LAWRENCEVILLE - Linda Nash hasn't been afraid to dream big while looking at the possibility of bringing a restaurant to Lawrenceville's train depot. The Lilburn resident also hasn't been afraid to ask for a lot of help.

Nash envisions the Clayton Street area near the depot turning into a thriving commercial connection between downtown Lawrenceville and Georgia Gwinnett College. And she can see the transformation of the train depot into a sandwich, soup, salad and dessert eatery as the first step in doing that.

But the biggest flaw in her vision is a lack of parking.

On Wednesday, Nash asked the city to buy property across from the depot to help create the necessary parking for a potential restaurant. That block of land - which is enclosed by Clayton Street, Depot Street, Perry Street and Born Street - is currently private property with several businesses located on it. Nash was unsure of the current value of the land.

The restaurant would seat about 100, Nash said, and would therefore need 40 parking spaces, according to city recommendations for eating establishments.

"Parking in Lawrenceville is just a precious commodity," Nash said.

Another option for parking at the restaurant, suggested by Chairman of Lawrenceville's Downtown Development Authority Mike Reedy, is to close Depot Street, which runs in front of the depot, and reroute traffic in the area so the street could be used for parking.

Nash said the idea is a positive start, but doesn't think it would provide enough spaces for her restaurant.

Most of the Lawrenceville City Council members at Wednesday's work session seemed to like the idea of leasing the depot, which is owned by the city and is currently vacant, to Nash for her restaurant. Finding a way to create parking presented a bit more of a problem.

"It looks like a good idea," City Councilman Mike Martin said of Nash's parking proposal. "It's just a matter of making the money work."

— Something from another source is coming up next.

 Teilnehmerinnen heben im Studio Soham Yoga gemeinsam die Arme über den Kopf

An added incentive for purchasing the land across from the depot is the possibility of a commuter rail coming to the Atlanta region. The State Board of Transportation is looking into a commuter rail and there is a chance a stop could be located in Lawrenceville in the same area as the train depot.

Don Alford, the architect helping Nash on her project, said the land across from the depot could eventually be used for a parking deck for passengers on the commuter rail.

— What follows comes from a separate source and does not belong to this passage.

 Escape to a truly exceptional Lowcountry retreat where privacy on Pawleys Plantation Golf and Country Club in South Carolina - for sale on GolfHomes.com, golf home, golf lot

While the city council did not vote on the issue Wednesday, it is going to look into parking options for the area.

It's an area Nash is heavily invested in. She's purchased a warehouse on the other side of the railroad tracks from the depot. Nash said she has thoughts of turning that warehouse into an event center.

Nash also has contracts on two houses just up the street from the depot. She has visions of putting a tea room in one house and a ladies' boutique in the other.

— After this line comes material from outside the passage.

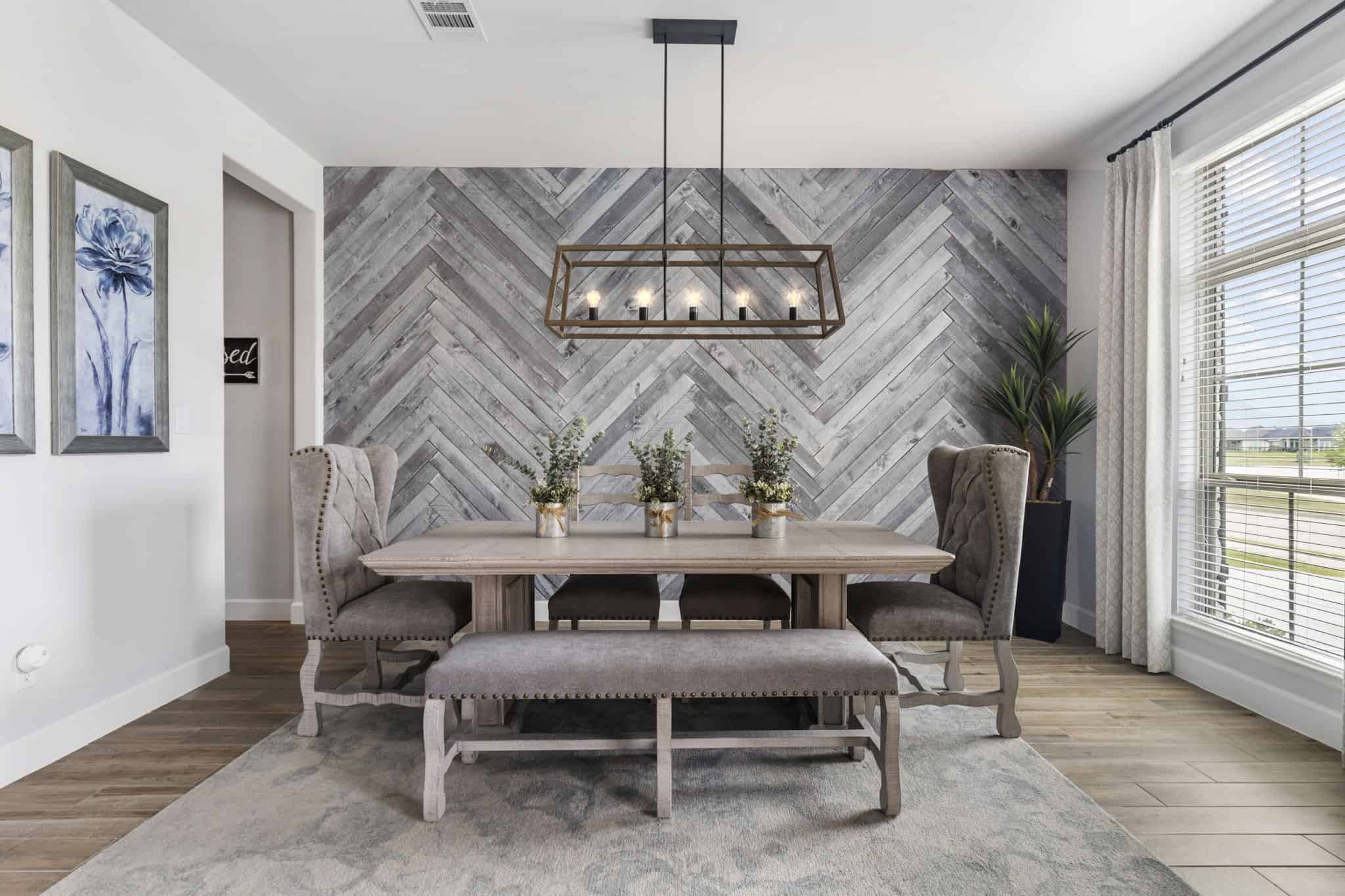 Elegant dining room with herringbone feature wall and contemporary decor Modern dining room with herringbone accent wall, upholstered chairs, and rectangular chandelier.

Adding a restaurant in the depot would help both of those ventures and Nash said she plans to keep pushing for it to happen.

"I keep asking for the same thing and I think eventually it's going to work out," she said.

The old Southern Railway depot in Norcross is one example of a depot turned into a restaurant. An employee at the Norcross Station Cafe said the depot has been a restaurant for 14 years.